Rosenmontag

Der Jecke

Von Günter Bannas

Kölner Jeck: Wer ist hier der Blöde?

Kölner Jeck: Wer ist hier der Blöde?

07. Februar 2005 Dem Karnevalsjecken ergeht es wie dem Clown: Die Fernstehenden aus Berlin beobachten ihn mit herablassender Nachsicht und zweifeln letzten Endes - versehen allenfalls mit dem Verständnis von Sozialtherapeuten - an seinem Verstand. So sich die Analytiker dem Phänomen intellektuell nähern, glauben sie, die Verrückten aus dem Rheinland könnten nur auf Kommando lachen und müßten via Tusch eigens auf die Pointen der Flachwitze aufmerksam gemacht werden.
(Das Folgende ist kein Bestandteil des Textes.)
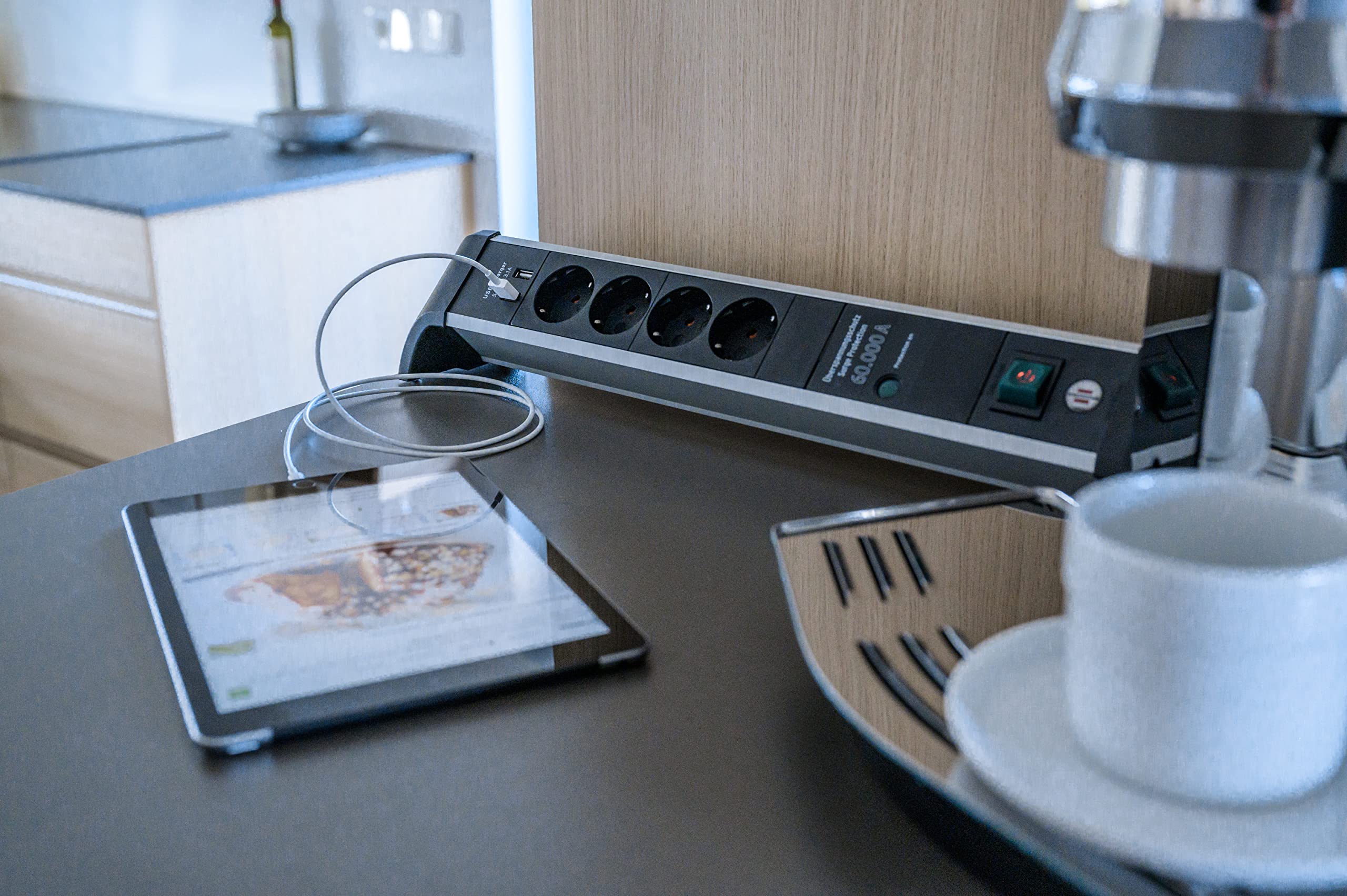 Brennenstuhl Alu Office-Line Ciabatta elettrica a 4 prese con USB e protezione da sovratensioni (presa multipla con interruttore, cavo da 1,8 m, 2 porte USB 3,10 A, Made in Germany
So sie für die Bilderblätter tätig sind, definieren sie den Jecken über Projektionen und Phantasien: dem Wunsch nach Alkohol und nach Ausschweifung. Die so denken, werden es nie verstehen. Der Jecke aus dem Rheinland entzieht sich der Beobachtung. Sein Wirken ist subversiv. Auf konspirative Weise hat er Erfolg. Das, was die Berliner Karneval nennen, ist ganz anders als die Politik fest und überaus geschäftlich in Bonner Hand - zweier früherer Kneipiers von dort. Hoch in den Alpen, tief im Harz und sogar im Oktober in München wiegen sich die Leute gern im Viva-Colonia-Rhythmus. Die Jecken sind stark im Export. Doch ihre Betriebsgeheimnisse wahren sie im Panzerschrank des Brauchtums. Sie lassen keinen ran.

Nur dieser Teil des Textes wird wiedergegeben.